I’m going to be on my soap box for a moment. I hope you don’t mind. But something hit me the other day. I realized the church as a whole has become too comfortable in their “outreach” programs. Feeding children and clothing the homeless are much needed ministries, but what about the pimps, prostitutes, strippers, drug dealers and the ladies in the brothels and cantinas? Wait! Don’t mention that while standing in a group of people in the church foyer. People don’t want to hear about 13-year-old prostitutes and the exploitation of women all around the Houston area. Comfort is doing an “outreach” that makes the church body feel good about themselves. Yes, I went there!
This is why reaching these women is no longer an “outreach” but rather a mission field. The church has failed these ladies, so the Lord has called out and is raising up a new kind of people to go out, be uncomfortable, and reach these ladies for the Kingdom. If this is a church “outreach” where is the church? Why aren’t we openly talking about the injustices happening on the streets of our neighborhoods? Why, when you mention sex trafficking in a group of people at church, do some walk away and others get clammy and uncomfortable? It’s because the church has also failed its congregations too. The injustice is happening in our churches as well. This needs to be talked about, preached about and seen. Churches need to rise up and see that this is not an “outreach” but a mission field where God has called many to serve.

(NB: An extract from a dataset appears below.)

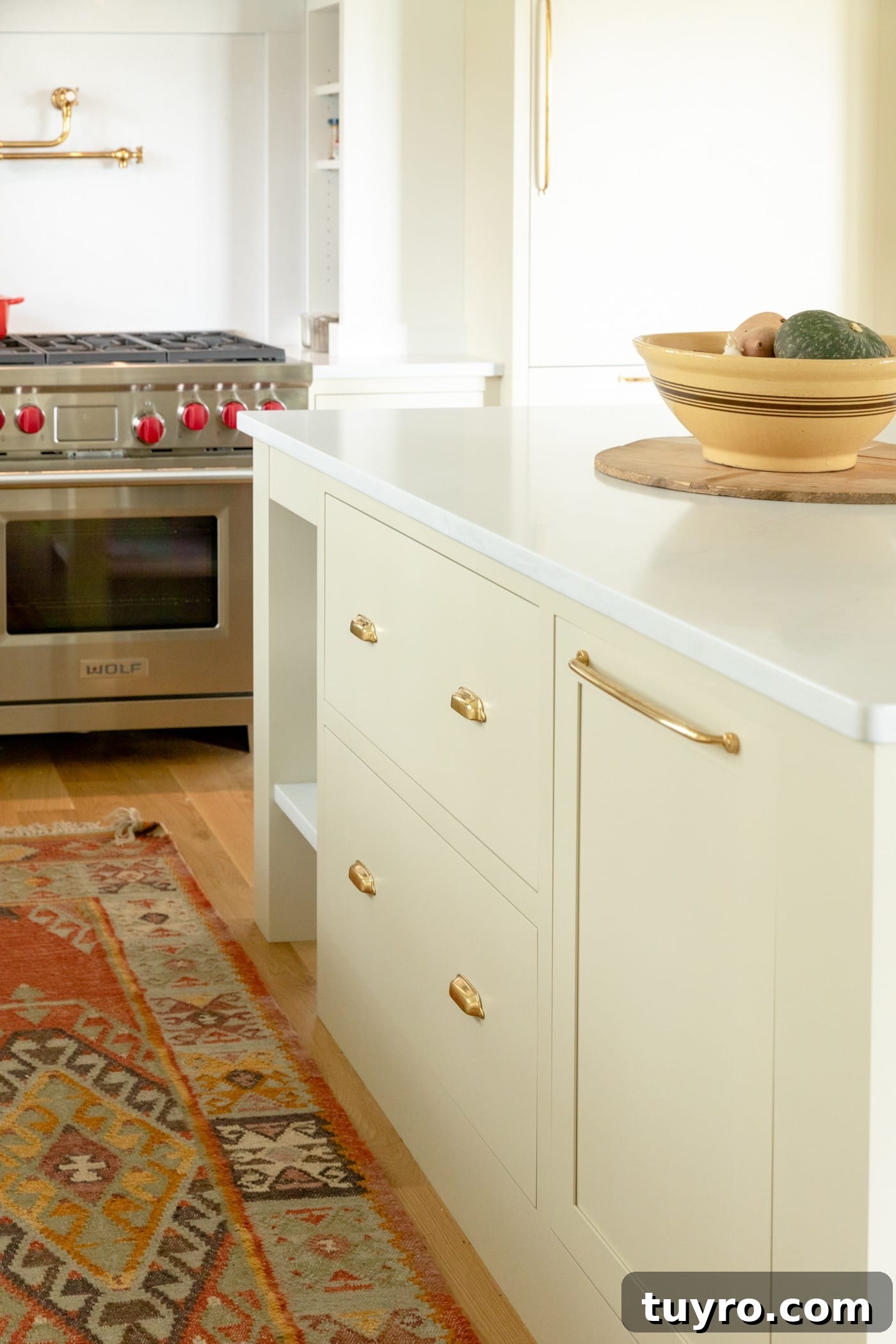 Large drawers in a kitchen island with range in background and red rug on hardwood floors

When I was a 12-year-old girl thinking about what I wanted to be when I grew up, this was the furthest from my mind. I wanted to be a teacher, a firefighter, a doctor; not hang out on the streets of Houston at midnight talking to pimps about Jesus. But, when you say “yes” to God, you find yourself a bit uncomfortable at times. When you say “yes”, God tends to stretch you and challenge you in ways you never imagined. I’m blessed with every call we make, every girl we transport and every stripper I hug. I’m blessed to be a missionary on the field in Houston, Texas spreading the gospel of Jesus Christ to the lost and hurt. I’m blessed to have this mission field to serve in.